‘Meat tax’ could have significant impact on environmental footprint, study finds
January 20, 2026
The environmental impacts of meat consumption could be rapidly and cheaply reduced if governments applied full VAT on products such as beef, pork, lamb and chicken, a study has shown.
Depending on how the additional tax revenues were redistributed, such a change could cost households as little as €26 (£23) a year, while cutting ecological destruction by between 3% and 6%, the paper found.
Animal-based products have the biggest share of the EU’s ecological footprint related to household diet, which is responsible for almost a quarter of greenhouse gas emissions, more than half of biodiversity loss and phosphorus pollution, and almost three-quarters of water consumption.
Despite this, 22 of the 27 EU member states levy a reduced tax rate on meat purchases, compared with the general level of VAT. In effect this price signal screens citizens from the environmental and social costs of their consumption.
The new study by the Potsdam Institute for Climate Impact Research calculated some of those hidden costs and examined how two possible policy reforms – full VAT levies or a carbon price on food – could affect prices, consumption levels, environmental impacts and costs.
Published in the journal Nature Food on Tuesday, the paper found that the global environmental footprint of meat was substantially higher than plant-based foods in terms of climate impact, biodiversity loss, land use and pollution. The only exception was water use.
The difference in these environmental costs is not adequately reflected in the price of goods on the shelves because such calculations are complex. To overcome this obstacle, the authors of the study said the simplest first step would be to remove tax breaks on the most damaging food – meat.
Those tax breaks vary from country to country. The biggest break for meat consumption is in Ireland, where meat has zero tax compared with a general VAT rate of 23%. Raw meat in the UK is zero-rated compared with the 20% standard for cooked meat in restaurants or processed products. The gap is 20 percentage points in Croatia. In France, it is 15 points, Germany and Italy 12 points, and Spain 11 points. Within the EU, only Bulgaria, Denmark, Estonia, Latvia and Lithuania tax meat at the general VAT rate.
If EU governments ended meat’s VAT privileges, the paper calculates the environmental damage caused by food consumption would be reduced by 3.48% to 5.7%, depending on the type of impact. In the case of the climate, for example, it would cut greenhouse gas emissions by 29.9 megatons of CO2 equivalent per year, which is about 5% of the total.
The burden on consumers would depend on what is done with the extra tax revenues. Average annual food expenditure per EU household would have to rise by €109 (£95) as a result of the additional VAT. But if the revenues were redistributed through payments to citizens, the overall cost would fall to €26 per year.

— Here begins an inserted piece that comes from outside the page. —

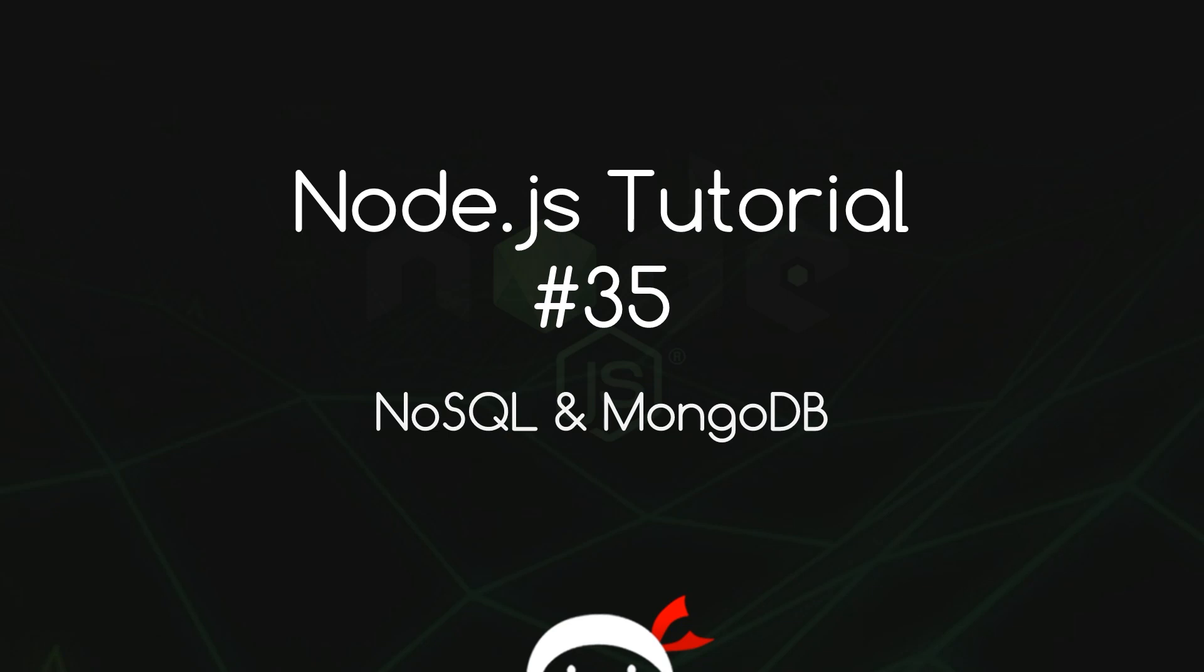Howdy campers, welcome to your 35th Node.js tutorial and in this video we're going to talk about NoSQL databases and MongoDB.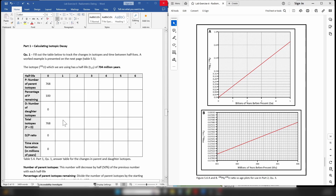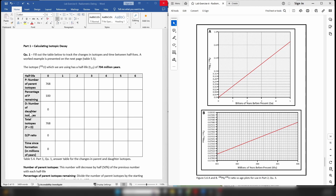Now let's move on to the lab exercise itself. Part one deals with changes in isotope concentrations as you progress from one half-life to another, focusing on how the amounts of parent and daughter isotopes change through several half-lives. There is a table to fill out with columns for each half-life, and rows for: number of parent isotopes, percentage of parent isotopes remaining, number of daughter isotopes, total isotopes, daughter-to-parent ratio, and time since formation in millions of years.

An even cheaper system for consumers would be the levying of a carbon price of €52 (£45) on food products, which would bring down net household costs to about €12 a year and have greater environmental benefits. But the authors recognise this will require more complex economic and political calculations, which makes the VAT change a more feasible option in the short term.
In both cases, society would be significantly better off once the costs of reducing environmental destruction are factored in, the researchers said. “Our numbers show the policies we investigated can be effective, but they also reveal that we do not yet fully price in the environmental impacts of meat,” said Charlotte Plinke, an author of the study: “It’s important to have exact information of what the impacts actually are, and then to be transparent about the goals of the policy and the use of revenues.”